4 Replies Latest reply on May 16, 2014 1:44 AM by diggeralmu

    Zero width space / discretionary line break exported PDF issue

    diggeralmu

      Greetings,

       

      I'm currently using Indesign CS6 and there are cases where i have to insert a discretionary line break / zero width space (U+200B) inside a word  (e.g for long numbers or long text which cannot fit inside a cell width).

       

      The problem is when the PDF is exported, and I open it in Adobe Reader / Acrobat Reader, when I try to select a word in the PDF and copy it, there are spaces where the discretionary line break is inserted (regardless if the line break was needed or not).

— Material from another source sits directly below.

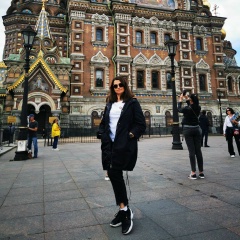 Ольга Привалова, 23.01.1987, Москва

      Searching for the word which the exact word also fails. (need to add spaces where the discretionary line breaks are located).

      -----

      eg. Legislation (I added a zero width space for every 3 characters)

       

      Legisl

      ation

       

      copied word is "Leg isl ati on".

      search keyword should be  "Leg isl ati on" so pdf reader can find the text. (Legislation does not work).

      -----

      It is weird because discretionary / soft hyphen works great (both in copying and searching) except from the fact that it has a hyphen character shown in the displayed text (prefer if it would look the same as in MSWord)

       

      Is there something missing in my setup. or is this is a bug / issue with indesign for zero-width space?

      Is there any other character (except from above 2 characters)  that i can use in Indesign that when I export the PDF will allow me to search the word in the PDF using the word itself?

       

      Thanks

        • 1. Re: Zero width space / discretionary line break exported PDF issue
          Peter Spier Most Valuable Participant (Moderator)

          I'm not sure what you expect here. Zero-width or not, it's still a space character.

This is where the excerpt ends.